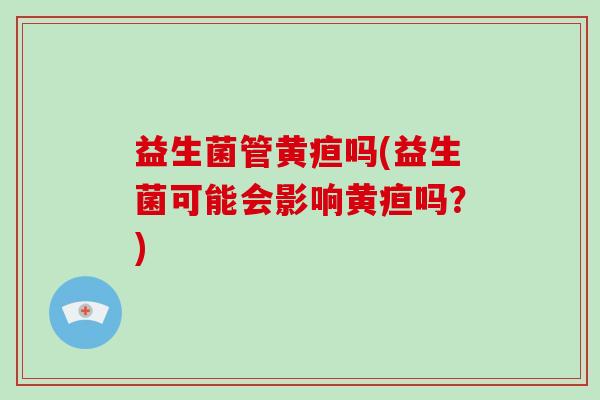 益生菌管黄疸吗(益生菌可能会影响黄疸吗？)
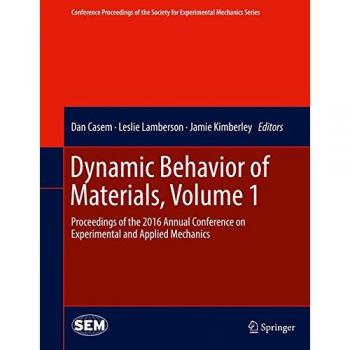 Dynamic Behavior of Materials, Volume 1: Proceedings of the 2016 Annual Conference on Experimental and Applied Mechanics (Conference Proceedings of the Society for Experimental Mechanics Series)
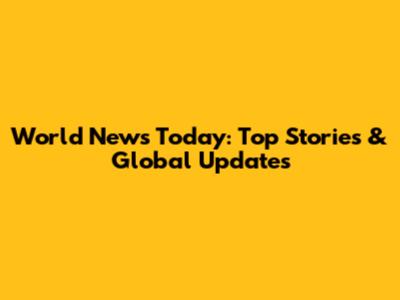 World News Today: Top Stories & Global Updates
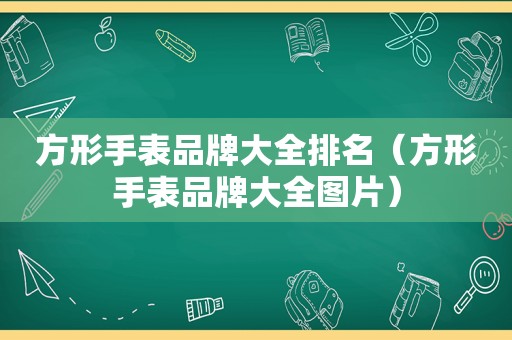 方形手表品牌大全排名（方形手表品牌大全图片）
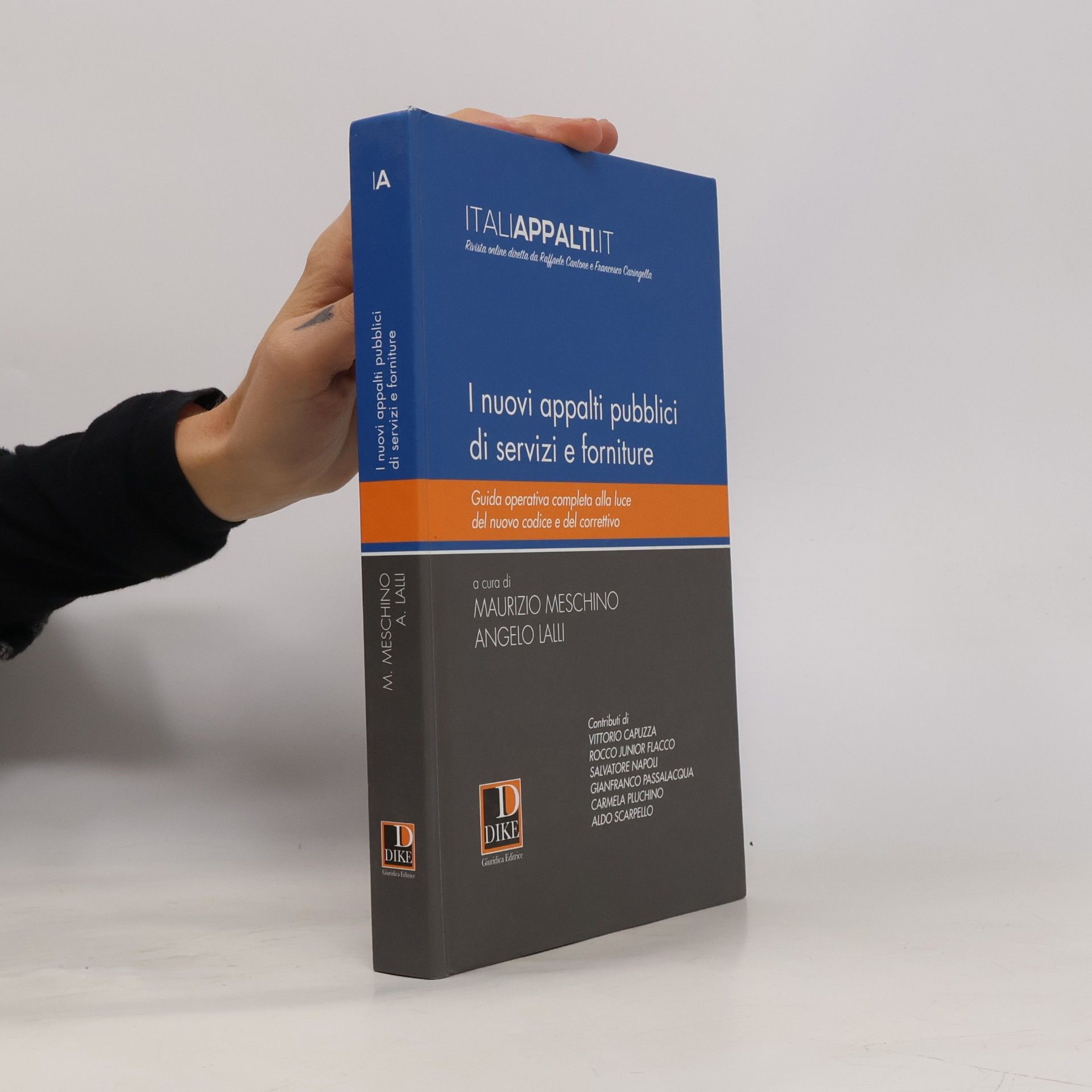 Italiappalti.it: I nuovi appalti pubblici di servizi e forniture. Guida operativa completa alla luce del nuovo codice e del correttivo
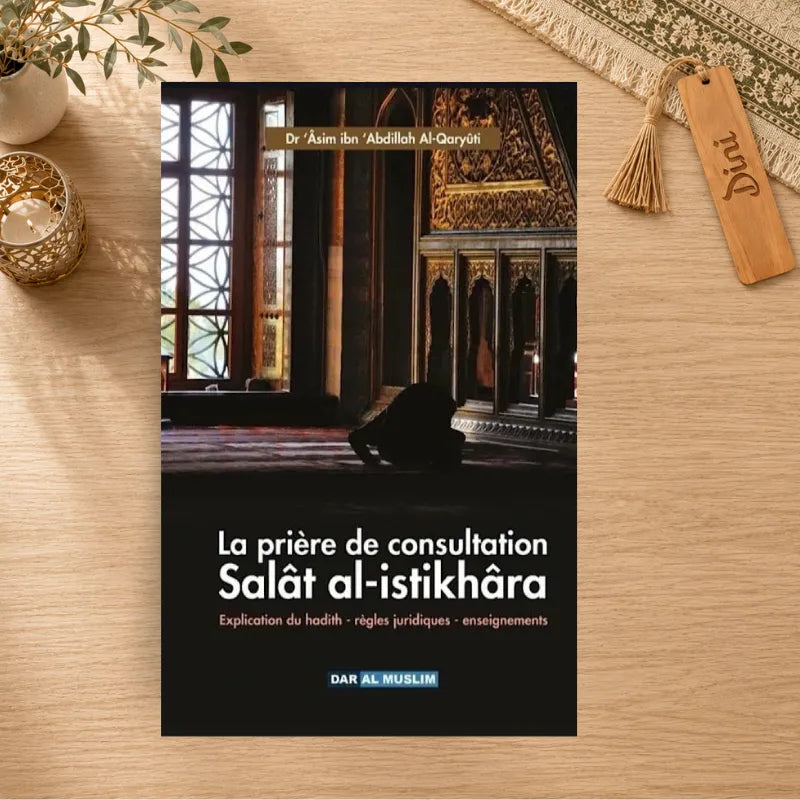 La prière de consultation  Salât al -istikhâra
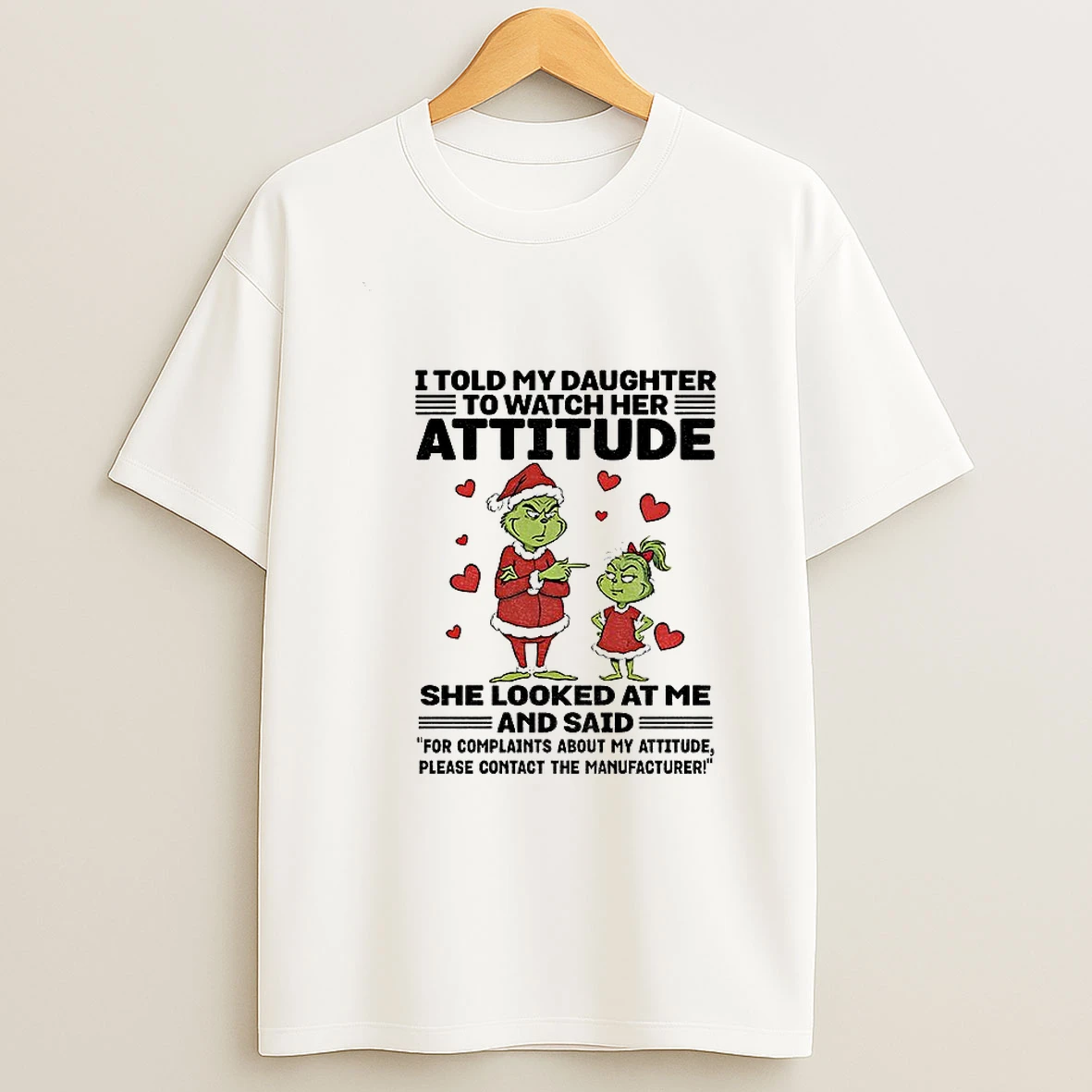 Grinch Santa I Told My Daughter To Watch Her Attitude She Looked At Me And Said For Complaints Christmas T Shirt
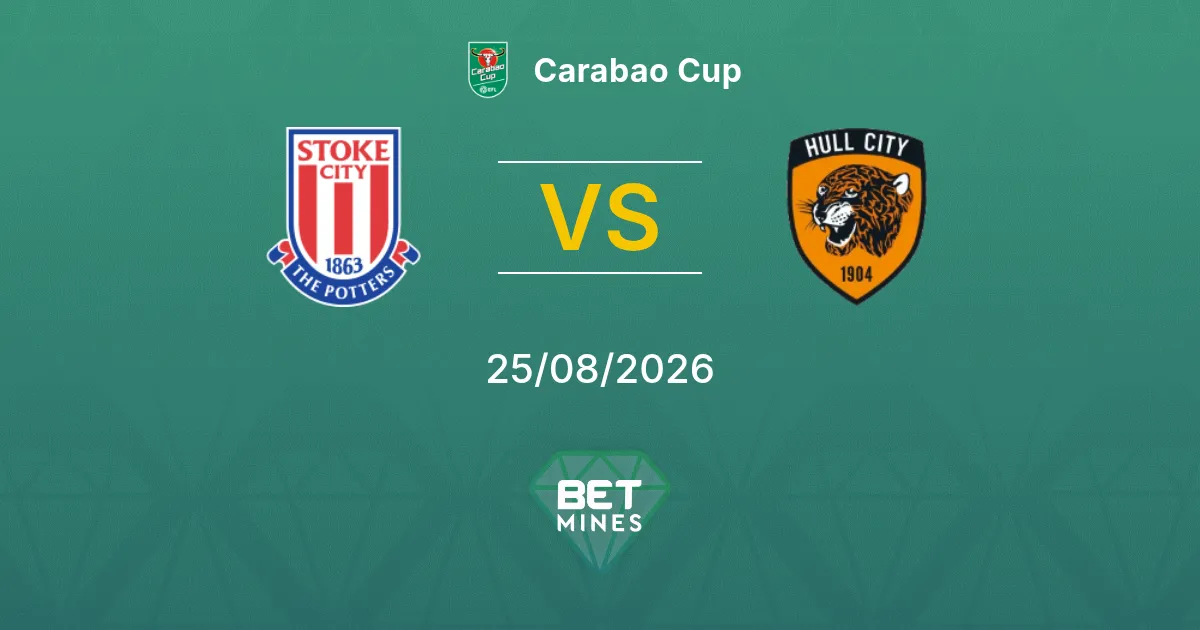 Stoke City vs Hull City Prediction: Match Preview and Analysis | Carabao Cup 25-08-2026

Work item: Line by line, reproduce exactly the lines from the one containing "Dynamic Behavior of" through the final line of the material, both included, leaving every picture out.

Response area:
 Dynamic Behavior of Materials, Volume 1: Proceedings of the 2016 Annual Conference on Experimental and Applied Mechanics (Conference Proceedings of the Society for Experimental Mechanics Series)
 World News Today: Top Stories & Global Updates
 方形手表品牌大全排名（方形手表品牌大全图片）
 Italiappalti.it: I nuovi appalti pubblici di servizi e forniture. Guida operativa completa alla luce del nuovo codice e del correttivo
 La prière de consultation  Salât al -istikhâra
 Grinch Santa I Told My Daughter To Watch Her Attitude She Looked At Me And Said For Complaints Christmas T Shirt
 Stoke City vs Hull City Prediction: Match Preview and Analysis | Carabao Cup 25-08-2026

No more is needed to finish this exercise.